Tuesday, July 28, 2009

Irish Immigrants Had a Friend in Pennsylvania




























Billy Penn at 22

Perhaps 10 percent of Pennsylvania's Quaker settlers were Irish-born, according to the authors and editors of an excellent book, Irish Immigrants in the Land of Canaan: Letters and Memoirs from Colonial and Revolutionary America, 1675 - 1815. This surprised me. I thought all of the Quaker settlers were from England, but there were, in fact, a few Irish surnames on The Welcome's passenger list.

However, William Penn (1644-1718), the founder of Pennsylvania and Philadelphia, had a checkered past with the Irish. He was sometimes their persecutor--especially Irish Catholics--and sometimes their protector.

Although Penn is celebrated as a crusader for religious freedom and tolerance, at the time of his religious conversion from Anglicanism to the Religious Society of Friends, he was wreaking havoc on the Irish countryside near Cork.

Oliver Cromwell had awarded Billy's father Sir William Penn with Irish estates seized from Catholics; the elder Penn had served Cromwell with valor as an admiral during the English Civil War.
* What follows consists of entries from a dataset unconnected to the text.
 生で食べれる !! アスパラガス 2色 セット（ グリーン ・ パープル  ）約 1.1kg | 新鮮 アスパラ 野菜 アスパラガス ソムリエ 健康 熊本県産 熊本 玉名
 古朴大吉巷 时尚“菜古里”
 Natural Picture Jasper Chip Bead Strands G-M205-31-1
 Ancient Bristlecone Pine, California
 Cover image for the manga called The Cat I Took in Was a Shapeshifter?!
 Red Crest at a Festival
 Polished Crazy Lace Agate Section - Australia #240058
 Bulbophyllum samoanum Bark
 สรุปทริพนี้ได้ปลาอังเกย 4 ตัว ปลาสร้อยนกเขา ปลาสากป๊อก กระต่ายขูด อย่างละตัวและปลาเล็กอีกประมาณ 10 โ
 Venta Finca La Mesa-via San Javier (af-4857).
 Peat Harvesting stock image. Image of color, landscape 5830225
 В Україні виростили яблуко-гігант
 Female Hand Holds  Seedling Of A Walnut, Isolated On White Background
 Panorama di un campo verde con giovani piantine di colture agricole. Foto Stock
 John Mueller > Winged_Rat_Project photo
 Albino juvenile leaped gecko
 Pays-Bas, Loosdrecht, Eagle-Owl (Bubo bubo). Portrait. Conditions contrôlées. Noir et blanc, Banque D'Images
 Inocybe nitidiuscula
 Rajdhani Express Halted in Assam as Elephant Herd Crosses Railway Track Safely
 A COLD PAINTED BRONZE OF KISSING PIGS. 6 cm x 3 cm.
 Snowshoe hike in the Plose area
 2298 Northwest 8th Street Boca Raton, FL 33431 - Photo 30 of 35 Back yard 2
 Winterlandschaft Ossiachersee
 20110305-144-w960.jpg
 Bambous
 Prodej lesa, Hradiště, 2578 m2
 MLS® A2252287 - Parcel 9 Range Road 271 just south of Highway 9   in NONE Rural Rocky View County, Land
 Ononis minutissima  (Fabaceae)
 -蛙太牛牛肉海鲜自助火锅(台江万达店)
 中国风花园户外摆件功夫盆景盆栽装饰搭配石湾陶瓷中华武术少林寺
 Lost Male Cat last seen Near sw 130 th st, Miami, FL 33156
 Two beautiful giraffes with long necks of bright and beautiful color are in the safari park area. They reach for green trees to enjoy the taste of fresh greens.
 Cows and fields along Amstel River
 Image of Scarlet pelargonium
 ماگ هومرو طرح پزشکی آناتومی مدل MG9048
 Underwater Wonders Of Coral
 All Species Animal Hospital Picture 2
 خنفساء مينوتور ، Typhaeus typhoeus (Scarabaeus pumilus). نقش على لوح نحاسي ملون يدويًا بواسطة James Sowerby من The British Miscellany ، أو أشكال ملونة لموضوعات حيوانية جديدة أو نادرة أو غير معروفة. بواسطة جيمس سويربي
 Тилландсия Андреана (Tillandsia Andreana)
At the age of 22, the younger Penn was at loose ends after spending time at Oxford and the French court. His father packed him off to Ireland to husband the family's extensive holdings. While there, he took up soldiering, and quashed rebelling Irish Catholics. Peace be unto ye, too, friend!

But because he became an avowed Quaker, he suffered many persecutions. As a result, he sought safe haven for his congregation, and when he finally set foot on Penn's Landing in 1682, he was a markedly different man than the young, swashbuckling dandy who had railed against the Catholic Church as the whore of Babylon.

In due time, he welcomed all religious minorities to his 'greene countrie towne,' including Irish Catholics. And though the first families of Germantown were from Germany, the ground was laid to receive Irish immigrants there.

Between thee and me, in the end Billy was a friend.